1:35:00 whoever wants that job They've got to be incredibly cautious about the climate they create for this reason. First of all, that if they reject all, people submit some code to be validated. Well, if the software coordinator is a prick, this sends everything back and says, well, you didn't dot this I or cross this T or something, that you eventually don't have any software that's really in the pipeline to be validated. And the real test of the software is to get some coherent package that you stick a whole bunch of modules together. And so if the software coordinator is a prick, you don't ever formulate a big enough package for a coherent test. and nobody's going to feel like submitting software if the guy rejects it all the time and you're not going to get it together for a big test. So in some sense, if the person is overly cautious and a prick, you will actually have less well-validated code than you might with somebody who was maybe a little more lenient about it. You know, let's let it slide for now. Now we can fix, you know, what we really need to do is start bashing this stuff together and see whether it hangs together or not. And that is the other thing.

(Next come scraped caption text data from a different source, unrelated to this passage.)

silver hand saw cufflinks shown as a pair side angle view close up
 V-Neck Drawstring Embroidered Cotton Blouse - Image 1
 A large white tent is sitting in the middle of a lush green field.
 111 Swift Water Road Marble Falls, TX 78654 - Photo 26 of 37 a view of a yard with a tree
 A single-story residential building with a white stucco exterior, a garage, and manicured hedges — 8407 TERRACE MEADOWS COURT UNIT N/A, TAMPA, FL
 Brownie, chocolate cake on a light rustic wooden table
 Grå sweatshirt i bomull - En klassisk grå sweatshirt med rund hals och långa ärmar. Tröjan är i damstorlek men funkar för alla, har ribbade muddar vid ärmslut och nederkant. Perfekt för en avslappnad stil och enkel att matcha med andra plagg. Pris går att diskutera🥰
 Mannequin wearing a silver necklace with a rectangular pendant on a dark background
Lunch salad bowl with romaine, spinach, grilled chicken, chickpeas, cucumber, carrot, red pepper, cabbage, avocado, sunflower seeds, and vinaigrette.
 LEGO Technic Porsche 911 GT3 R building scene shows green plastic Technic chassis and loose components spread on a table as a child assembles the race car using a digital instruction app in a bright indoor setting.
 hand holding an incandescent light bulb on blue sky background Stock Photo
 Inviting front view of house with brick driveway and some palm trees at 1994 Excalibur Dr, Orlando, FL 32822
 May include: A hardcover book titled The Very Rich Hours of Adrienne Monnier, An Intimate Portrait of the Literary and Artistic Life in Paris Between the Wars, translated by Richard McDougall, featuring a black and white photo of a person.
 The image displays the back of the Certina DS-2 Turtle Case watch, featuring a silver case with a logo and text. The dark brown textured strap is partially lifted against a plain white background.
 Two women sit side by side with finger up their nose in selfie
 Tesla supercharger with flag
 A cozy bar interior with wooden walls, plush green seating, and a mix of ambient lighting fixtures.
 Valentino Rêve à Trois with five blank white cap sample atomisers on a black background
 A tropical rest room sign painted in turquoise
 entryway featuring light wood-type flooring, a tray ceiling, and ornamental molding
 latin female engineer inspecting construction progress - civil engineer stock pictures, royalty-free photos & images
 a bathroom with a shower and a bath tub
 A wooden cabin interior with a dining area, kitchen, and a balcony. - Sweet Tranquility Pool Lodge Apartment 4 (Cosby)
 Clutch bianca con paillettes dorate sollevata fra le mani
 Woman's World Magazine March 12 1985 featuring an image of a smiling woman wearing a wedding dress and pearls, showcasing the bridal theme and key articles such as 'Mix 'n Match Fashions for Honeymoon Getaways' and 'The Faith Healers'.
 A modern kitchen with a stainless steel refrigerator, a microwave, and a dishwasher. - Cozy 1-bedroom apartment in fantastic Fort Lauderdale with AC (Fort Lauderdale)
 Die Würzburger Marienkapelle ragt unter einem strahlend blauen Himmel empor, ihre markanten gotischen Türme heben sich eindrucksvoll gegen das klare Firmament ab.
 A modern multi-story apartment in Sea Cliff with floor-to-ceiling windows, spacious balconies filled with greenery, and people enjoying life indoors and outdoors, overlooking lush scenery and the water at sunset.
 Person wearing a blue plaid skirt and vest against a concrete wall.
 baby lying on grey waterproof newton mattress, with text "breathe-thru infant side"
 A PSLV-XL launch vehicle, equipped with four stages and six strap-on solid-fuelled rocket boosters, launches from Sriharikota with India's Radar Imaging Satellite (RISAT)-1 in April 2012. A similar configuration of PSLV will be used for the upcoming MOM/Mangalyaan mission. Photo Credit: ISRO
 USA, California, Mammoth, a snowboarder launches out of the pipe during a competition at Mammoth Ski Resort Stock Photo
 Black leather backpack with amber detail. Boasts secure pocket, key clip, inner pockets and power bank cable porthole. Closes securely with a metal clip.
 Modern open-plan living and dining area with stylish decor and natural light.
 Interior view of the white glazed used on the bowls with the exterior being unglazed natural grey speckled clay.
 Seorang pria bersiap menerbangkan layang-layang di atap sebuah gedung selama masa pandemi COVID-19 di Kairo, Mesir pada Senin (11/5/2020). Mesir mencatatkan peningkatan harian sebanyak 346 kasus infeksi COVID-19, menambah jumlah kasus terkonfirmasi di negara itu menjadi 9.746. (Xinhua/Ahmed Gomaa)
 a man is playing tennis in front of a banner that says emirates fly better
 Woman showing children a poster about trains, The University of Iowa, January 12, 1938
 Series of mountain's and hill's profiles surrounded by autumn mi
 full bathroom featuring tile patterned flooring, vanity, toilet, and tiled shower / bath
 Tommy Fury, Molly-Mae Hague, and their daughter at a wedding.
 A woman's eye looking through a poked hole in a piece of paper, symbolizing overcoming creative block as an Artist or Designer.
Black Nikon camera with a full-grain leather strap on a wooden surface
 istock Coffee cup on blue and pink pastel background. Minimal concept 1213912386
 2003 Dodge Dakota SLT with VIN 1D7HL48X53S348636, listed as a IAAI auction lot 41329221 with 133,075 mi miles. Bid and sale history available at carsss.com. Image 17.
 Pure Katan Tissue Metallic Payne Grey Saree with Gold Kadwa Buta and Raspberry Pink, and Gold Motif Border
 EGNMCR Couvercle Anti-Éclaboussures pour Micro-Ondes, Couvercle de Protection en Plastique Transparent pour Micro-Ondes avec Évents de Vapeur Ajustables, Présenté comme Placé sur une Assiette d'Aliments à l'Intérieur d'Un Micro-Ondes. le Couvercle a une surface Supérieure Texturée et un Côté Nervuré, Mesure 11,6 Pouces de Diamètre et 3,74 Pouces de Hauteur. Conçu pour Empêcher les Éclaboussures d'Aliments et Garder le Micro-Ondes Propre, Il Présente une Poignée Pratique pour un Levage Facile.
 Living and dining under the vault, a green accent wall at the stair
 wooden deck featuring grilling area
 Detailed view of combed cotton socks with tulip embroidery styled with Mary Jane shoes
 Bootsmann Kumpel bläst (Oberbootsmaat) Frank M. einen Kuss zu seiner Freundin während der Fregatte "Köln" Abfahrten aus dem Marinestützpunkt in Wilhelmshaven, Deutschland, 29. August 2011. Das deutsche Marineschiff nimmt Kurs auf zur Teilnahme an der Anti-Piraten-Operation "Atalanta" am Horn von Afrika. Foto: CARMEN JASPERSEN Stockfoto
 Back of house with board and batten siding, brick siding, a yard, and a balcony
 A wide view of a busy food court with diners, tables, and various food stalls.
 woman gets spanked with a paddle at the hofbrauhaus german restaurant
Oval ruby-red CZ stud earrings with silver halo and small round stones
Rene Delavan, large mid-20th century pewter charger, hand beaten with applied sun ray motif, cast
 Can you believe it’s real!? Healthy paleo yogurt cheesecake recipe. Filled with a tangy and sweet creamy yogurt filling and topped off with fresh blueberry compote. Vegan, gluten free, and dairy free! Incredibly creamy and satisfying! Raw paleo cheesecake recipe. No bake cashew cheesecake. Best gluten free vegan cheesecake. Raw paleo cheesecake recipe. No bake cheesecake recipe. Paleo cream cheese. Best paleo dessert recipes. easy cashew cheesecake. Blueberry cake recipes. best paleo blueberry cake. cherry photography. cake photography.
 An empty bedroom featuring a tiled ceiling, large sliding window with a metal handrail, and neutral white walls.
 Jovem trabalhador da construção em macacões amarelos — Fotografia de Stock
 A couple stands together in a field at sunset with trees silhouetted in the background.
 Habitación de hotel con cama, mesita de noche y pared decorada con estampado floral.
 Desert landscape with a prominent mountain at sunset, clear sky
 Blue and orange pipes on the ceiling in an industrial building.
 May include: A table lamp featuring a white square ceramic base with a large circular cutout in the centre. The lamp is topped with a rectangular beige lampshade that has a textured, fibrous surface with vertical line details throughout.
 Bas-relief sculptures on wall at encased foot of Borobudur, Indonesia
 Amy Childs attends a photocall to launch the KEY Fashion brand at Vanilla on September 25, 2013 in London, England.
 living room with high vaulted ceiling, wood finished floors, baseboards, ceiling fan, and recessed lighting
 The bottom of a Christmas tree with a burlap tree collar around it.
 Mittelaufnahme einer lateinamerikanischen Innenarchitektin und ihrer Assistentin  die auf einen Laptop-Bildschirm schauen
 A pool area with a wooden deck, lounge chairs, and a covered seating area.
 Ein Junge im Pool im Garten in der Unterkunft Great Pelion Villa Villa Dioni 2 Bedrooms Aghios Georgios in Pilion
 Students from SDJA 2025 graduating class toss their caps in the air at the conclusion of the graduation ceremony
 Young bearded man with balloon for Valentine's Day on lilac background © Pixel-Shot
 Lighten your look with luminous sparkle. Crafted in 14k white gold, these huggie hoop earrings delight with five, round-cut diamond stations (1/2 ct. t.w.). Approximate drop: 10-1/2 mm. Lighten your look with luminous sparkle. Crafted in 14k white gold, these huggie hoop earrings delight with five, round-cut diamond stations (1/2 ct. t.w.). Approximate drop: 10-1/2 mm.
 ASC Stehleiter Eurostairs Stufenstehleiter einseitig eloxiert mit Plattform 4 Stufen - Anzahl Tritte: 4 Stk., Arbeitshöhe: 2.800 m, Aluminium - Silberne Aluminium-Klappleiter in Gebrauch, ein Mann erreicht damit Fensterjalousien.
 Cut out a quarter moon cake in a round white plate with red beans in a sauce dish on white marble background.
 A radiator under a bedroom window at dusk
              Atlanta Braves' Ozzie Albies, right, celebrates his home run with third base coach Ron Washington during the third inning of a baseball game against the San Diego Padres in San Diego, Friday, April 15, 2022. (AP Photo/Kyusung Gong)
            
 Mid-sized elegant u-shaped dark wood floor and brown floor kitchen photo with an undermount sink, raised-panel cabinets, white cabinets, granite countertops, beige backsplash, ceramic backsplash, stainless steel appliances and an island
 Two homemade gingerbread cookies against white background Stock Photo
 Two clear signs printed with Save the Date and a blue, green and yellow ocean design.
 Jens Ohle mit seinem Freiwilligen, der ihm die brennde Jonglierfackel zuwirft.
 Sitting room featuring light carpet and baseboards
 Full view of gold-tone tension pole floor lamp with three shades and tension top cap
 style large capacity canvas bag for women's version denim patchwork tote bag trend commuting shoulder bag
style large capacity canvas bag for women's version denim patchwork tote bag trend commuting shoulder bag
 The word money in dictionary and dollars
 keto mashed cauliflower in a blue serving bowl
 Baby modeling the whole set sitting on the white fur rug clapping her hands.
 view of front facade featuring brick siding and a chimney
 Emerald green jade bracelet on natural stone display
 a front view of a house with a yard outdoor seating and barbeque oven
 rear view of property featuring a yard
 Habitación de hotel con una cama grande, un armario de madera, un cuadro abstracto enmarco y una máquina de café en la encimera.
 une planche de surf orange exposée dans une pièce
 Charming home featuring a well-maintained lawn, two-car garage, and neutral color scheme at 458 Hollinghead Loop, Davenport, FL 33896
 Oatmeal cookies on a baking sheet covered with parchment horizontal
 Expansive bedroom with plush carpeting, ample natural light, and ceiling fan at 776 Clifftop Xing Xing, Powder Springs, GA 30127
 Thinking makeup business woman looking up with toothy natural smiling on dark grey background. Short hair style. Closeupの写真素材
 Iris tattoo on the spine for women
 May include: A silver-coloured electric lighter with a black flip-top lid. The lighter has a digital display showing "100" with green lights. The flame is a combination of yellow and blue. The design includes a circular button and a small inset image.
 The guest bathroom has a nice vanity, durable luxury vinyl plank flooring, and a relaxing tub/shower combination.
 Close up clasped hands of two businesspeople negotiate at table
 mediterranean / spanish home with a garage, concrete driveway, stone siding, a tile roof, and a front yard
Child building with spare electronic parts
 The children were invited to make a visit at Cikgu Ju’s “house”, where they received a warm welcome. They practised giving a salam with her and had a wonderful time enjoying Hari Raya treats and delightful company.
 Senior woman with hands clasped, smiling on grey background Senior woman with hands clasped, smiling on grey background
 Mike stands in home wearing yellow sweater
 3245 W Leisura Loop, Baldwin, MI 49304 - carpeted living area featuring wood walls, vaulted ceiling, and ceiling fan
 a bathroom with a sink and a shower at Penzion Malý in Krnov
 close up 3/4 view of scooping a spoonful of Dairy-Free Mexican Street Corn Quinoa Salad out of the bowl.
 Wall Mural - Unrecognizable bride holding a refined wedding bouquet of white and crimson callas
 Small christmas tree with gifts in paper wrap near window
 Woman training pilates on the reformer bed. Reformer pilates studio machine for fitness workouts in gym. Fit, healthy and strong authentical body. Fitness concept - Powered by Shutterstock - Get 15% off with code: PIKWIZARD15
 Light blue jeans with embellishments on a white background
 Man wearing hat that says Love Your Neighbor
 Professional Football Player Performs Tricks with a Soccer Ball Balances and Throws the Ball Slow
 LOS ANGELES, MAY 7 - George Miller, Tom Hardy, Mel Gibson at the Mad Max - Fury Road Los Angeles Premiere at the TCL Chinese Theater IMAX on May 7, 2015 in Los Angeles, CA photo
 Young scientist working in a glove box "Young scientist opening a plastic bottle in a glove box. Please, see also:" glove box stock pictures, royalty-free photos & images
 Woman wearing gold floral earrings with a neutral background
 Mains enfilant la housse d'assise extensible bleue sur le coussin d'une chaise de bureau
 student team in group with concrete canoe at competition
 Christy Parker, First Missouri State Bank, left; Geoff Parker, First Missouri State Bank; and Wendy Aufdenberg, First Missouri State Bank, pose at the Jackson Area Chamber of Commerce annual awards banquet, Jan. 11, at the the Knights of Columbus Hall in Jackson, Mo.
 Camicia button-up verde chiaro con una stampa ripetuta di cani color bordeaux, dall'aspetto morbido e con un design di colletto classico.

But then again, if the person's too lax, you know, kind of, you know, real cowboy, all you have is a bunch of cowboy programmers out there that, you know, anything goes, that you don't end up with a very coherent package either, and that'll suck. So, and, you know, then there's also this issue of kind of creating the climate where you want, you know, you want people to be just extra careful. You know, when you submit the code, you have tested it, you know, and it's got both belt and suspenders and nothing can go wrong. But on the other hand, you want people to feel free that, excuse me, but I did fuck up. How do you meander that narrow? That's got to be a set of measures there all through this parameter space. What would actually be the model if there are, for the way the different cohort and

1:37:30 all these different people will go together. I mean, will there be one main code written by one person or group which does most of the work and everything else sort of should fit in around the edges and should fit into that? Or will it just be patchwork? I don't have a big... I'm not sure that A, that's decided, and B, I'm not sure I have a big enough picture to answer that. I think if you want to follow this aspect of the sociology, you ought to go out to Kel-Tec that he's the one he's certainly the one I don't know whether he's going to do it but he's going to be the one whose neck is on the block to make that decision and figure out how that's going to happen I talked to Albert briefly at the MLD conference but of course people are so busy well that's he spread pretty thin too well great thanks Alan Amen.